Mongolia says bank bondholders will be repaid in full

Development Bank of Mongolia bondholders can expect their debts to be repaid in full when they fall due next year, a senior finance official said on Friday, even as the state-backed bonds traded below par just three months before maturity, Reuters reports.

The International Monetary Fund is predicting zero growth this year for Mongolia’s once promising economy, as a result of years of declining foreign investment, slower growth in China, and a softer market for its abundant coal resources.

The country pinned between China and Russia is reeling from a balance of payments crisis and a tumbling tugrik currency that the present government has blamed on mismanagement by the prior administration.

On Friday, Mongolian finance ministry officials held talks with groups such as the IMF and World Bank to present their plan to buoy the economy.

Deputy Finance Minister Khurelbaatar Bulgantuya told a news conference following the talks that Mongolia hoped to work with partners to refinance $580 million in sovereign-backed debt from the Development Bank of Mongolia due in 2017.

The government could lighten its burden on interest on loans with new “soft” loans that offer easier terms and lower interest for repayment, she said.

Renegotiating its debt for a smaller repayment on the principal, known as a haircut, “would be the last resort,” she said. “With the IMF, we’re looking to refinance.”

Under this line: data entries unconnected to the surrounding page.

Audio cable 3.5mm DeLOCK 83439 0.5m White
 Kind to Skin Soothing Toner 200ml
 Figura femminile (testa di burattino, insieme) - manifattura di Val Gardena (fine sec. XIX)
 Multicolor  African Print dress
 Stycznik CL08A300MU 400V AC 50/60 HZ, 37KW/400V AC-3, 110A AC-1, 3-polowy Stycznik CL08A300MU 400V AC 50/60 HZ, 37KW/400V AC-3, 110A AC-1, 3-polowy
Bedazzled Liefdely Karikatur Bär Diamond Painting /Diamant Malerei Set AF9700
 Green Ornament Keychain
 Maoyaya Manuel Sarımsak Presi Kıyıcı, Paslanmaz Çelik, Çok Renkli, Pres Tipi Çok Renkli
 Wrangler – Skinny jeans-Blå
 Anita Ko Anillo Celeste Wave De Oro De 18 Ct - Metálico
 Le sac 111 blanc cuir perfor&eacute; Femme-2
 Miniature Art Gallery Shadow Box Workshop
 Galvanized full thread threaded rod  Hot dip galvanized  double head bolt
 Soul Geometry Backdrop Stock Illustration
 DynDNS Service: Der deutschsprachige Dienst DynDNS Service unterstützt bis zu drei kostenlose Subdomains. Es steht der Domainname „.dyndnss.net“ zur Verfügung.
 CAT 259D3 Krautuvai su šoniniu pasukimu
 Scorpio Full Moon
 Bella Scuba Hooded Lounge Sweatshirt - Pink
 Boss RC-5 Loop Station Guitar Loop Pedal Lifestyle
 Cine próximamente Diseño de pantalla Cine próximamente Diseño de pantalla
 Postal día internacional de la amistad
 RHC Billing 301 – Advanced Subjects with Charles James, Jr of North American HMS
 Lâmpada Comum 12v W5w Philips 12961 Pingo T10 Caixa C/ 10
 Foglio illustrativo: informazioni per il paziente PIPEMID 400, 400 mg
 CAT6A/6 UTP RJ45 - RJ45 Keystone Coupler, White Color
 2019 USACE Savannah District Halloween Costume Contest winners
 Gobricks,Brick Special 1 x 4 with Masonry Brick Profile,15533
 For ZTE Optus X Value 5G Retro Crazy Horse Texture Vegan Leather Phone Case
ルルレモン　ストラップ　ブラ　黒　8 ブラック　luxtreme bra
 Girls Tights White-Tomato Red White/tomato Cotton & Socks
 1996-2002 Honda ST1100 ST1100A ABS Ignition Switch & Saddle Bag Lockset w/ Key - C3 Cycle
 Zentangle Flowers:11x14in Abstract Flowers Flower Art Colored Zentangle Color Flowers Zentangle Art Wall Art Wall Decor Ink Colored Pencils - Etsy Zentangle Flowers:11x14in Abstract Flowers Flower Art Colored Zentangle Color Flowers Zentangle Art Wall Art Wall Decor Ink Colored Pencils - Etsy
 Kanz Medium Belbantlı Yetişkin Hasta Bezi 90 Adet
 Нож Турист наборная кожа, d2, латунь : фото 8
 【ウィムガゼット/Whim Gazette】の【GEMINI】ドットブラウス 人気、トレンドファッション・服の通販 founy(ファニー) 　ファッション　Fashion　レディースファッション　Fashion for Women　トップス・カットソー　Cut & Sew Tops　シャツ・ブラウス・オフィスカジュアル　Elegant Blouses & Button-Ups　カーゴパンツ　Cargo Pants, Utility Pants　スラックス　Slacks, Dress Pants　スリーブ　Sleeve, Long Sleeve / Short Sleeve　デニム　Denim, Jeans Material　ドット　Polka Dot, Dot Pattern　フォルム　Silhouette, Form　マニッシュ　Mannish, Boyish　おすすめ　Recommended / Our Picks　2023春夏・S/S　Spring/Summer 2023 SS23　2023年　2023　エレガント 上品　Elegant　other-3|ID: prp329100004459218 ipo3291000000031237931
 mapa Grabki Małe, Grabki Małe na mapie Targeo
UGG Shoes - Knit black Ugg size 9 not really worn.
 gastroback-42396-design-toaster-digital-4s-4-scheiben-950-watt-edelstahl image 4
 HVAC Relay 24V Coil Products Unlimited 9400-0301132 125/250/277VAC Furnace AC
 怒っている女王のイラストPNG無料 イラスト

The Development Bank bonds on Friday were trading below par at 97 – just months away from the redemption date in March 2017.

“The correction was triggered by President-elect (Donald) Trump’s expected protectionist policies and frontier market outflows. The coupon is low and the price fall brings the yield in line with fair value,” said a Hong Kong based credit analyst, requesting anonymity because he is not authorized to speak to the media.

Moody’s Investors Service last month downgraded the country’s rating to Caa1 from B3, citing heightened uncertainty on whether it could meet its debt obligations.

Mongolian officials have been in talks for a standby agreement from the IMF since a new government under Prime Minister Jargaltulga Erdenebat took power last June.

Mongolia tapped into a similar agreement in 2009 when it suffered from delayed effects of the global economic crisis, but that was before the government ever borrowed on international markets.

The government has issued and sponsored billions worth of debt since 2012, which has been directed partly towards the construction of roads, railway and other infrastructure.

China, Mongolia’s number-one trade partner, could also take part in the bailout.

“Given the size of the challenges, we expect bilateral organisations, including China, to be part of the broad coalition to help Mongolia through these difficult times,” said World Bank Country Director Bert Hofman.